[Provided information — start]

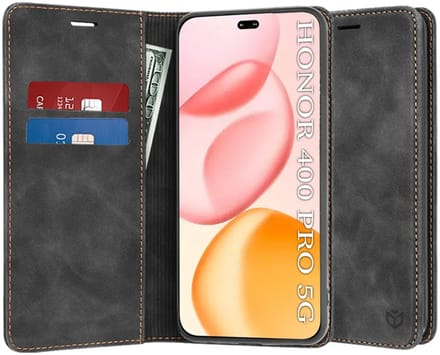 Hoesje geschikt voor HONOR 400 Pro - Techsuit Confy Book Wallet Case - Zwart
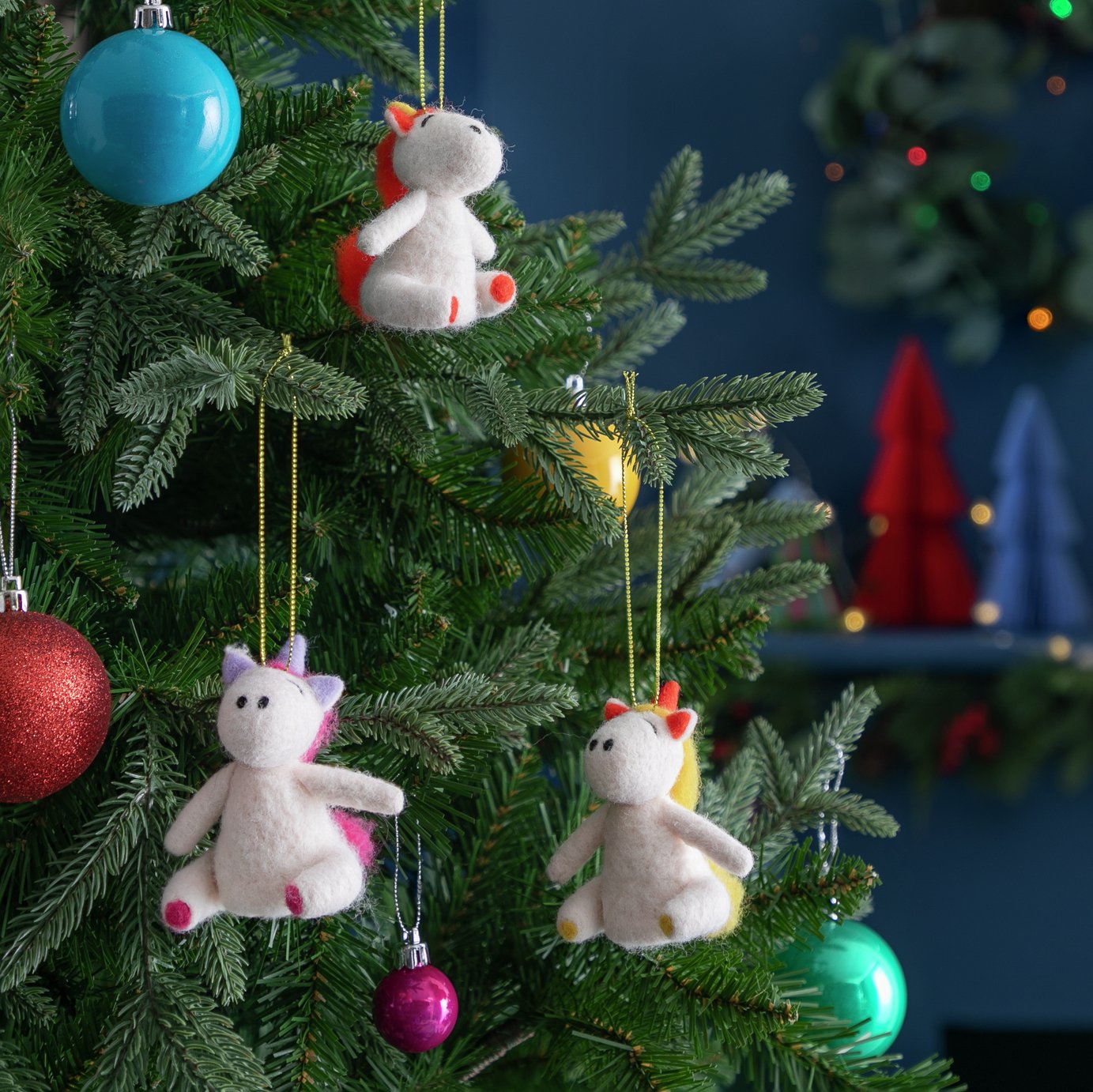 Habitat Pack of 3 Unicorn Christmas Tree Decorations - White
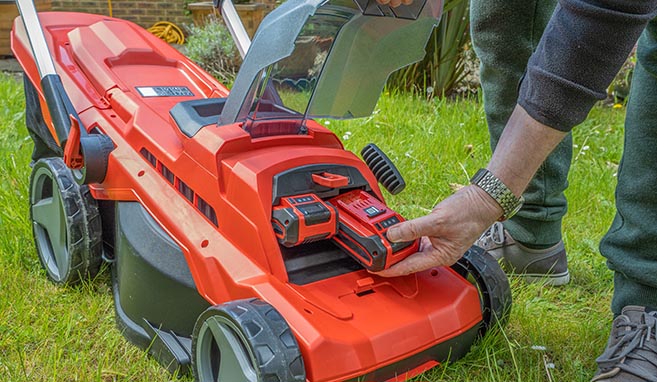 battery-powered lawnmower whose powerful battery can cause a serious battery fire.
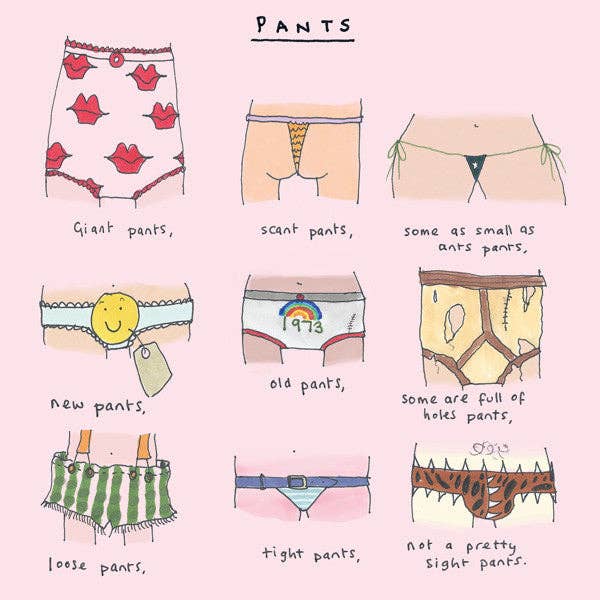 'Pants II' Greetings Card , FP35 for wholesale by Poet and Painter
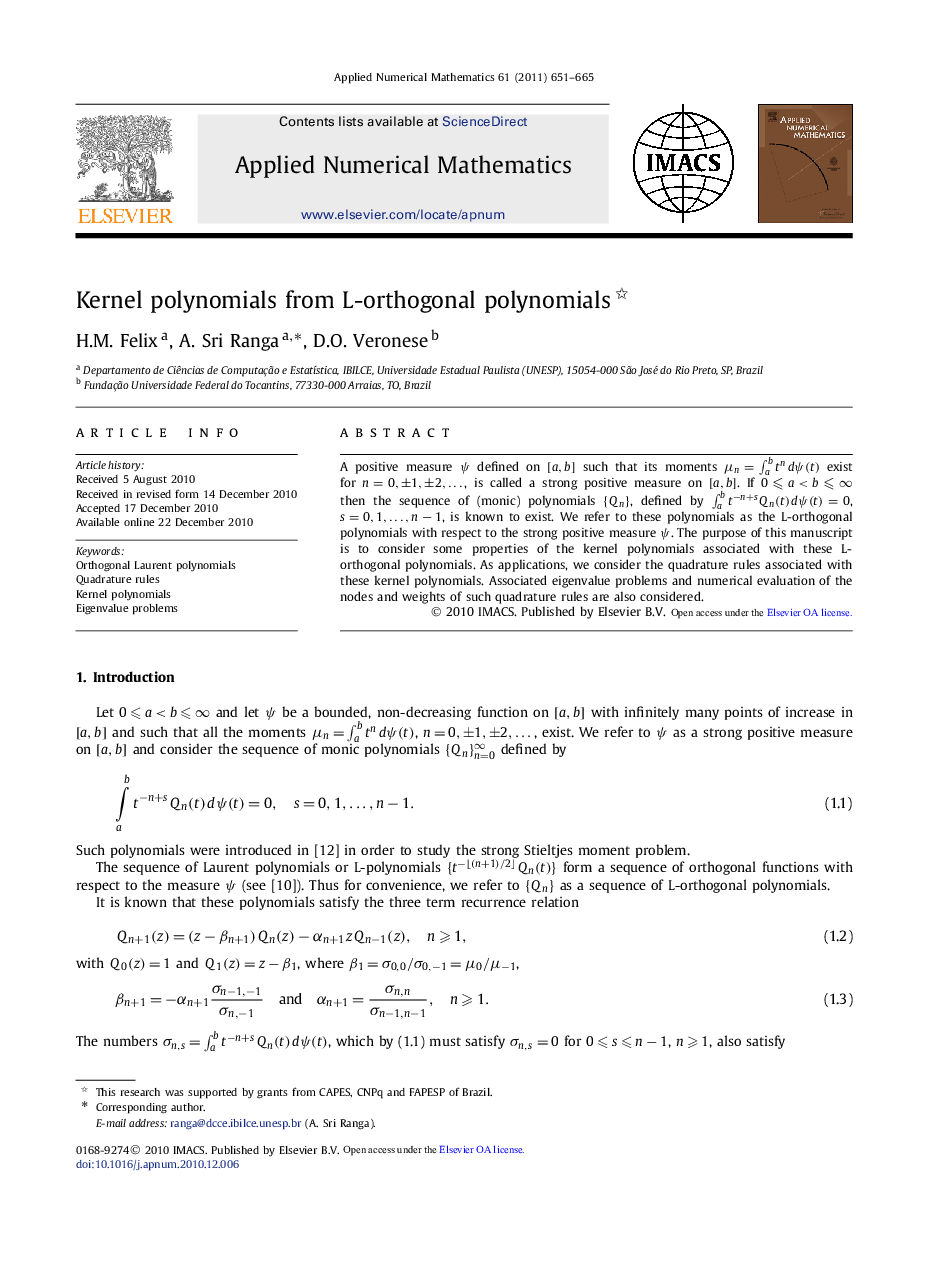 Kernel polynomials from L-orthogonal polynomials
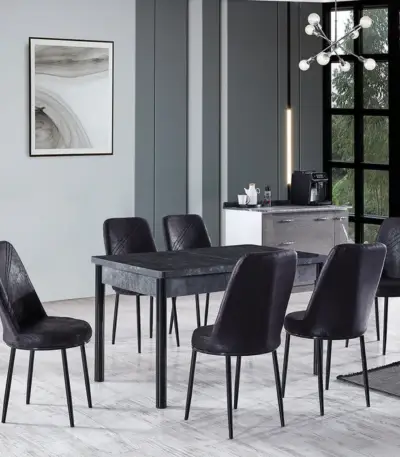Set Masă Dining Extensibilă SPRING Negru Marmorat cu 6 Scaune, 130/168x80x77, Design Elegant, Mobila Mega – Mese și Scaune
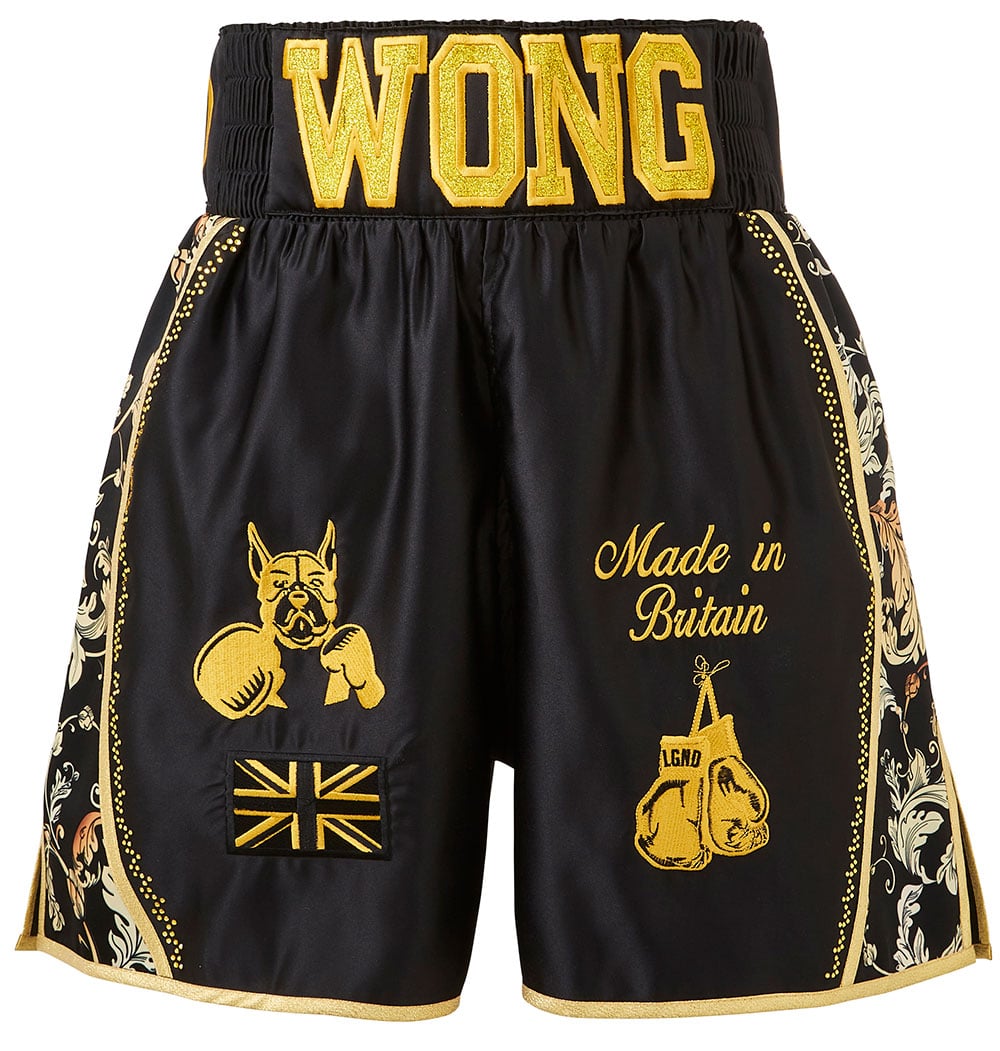 Custom Boxing Robe + Custom Boxing Shorts : Black/Gold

[Provided information — finish]

* [Aim of the exercise]:
Up to and including the line containing "battery-powered lawnmower whose", quote each line of the entries above from the very first, please, exactly and without images.

* [Written answer]:
 Hoesje geschikt voor HONOR 400 Pro - Techsuit Confy Book Wallet Case - Zwart
 Habitat Pack of 3 Unicorn Christmas Tree Decorations - White
 battery-powered lawnmower whose powerful battery can cause a serious battery fire.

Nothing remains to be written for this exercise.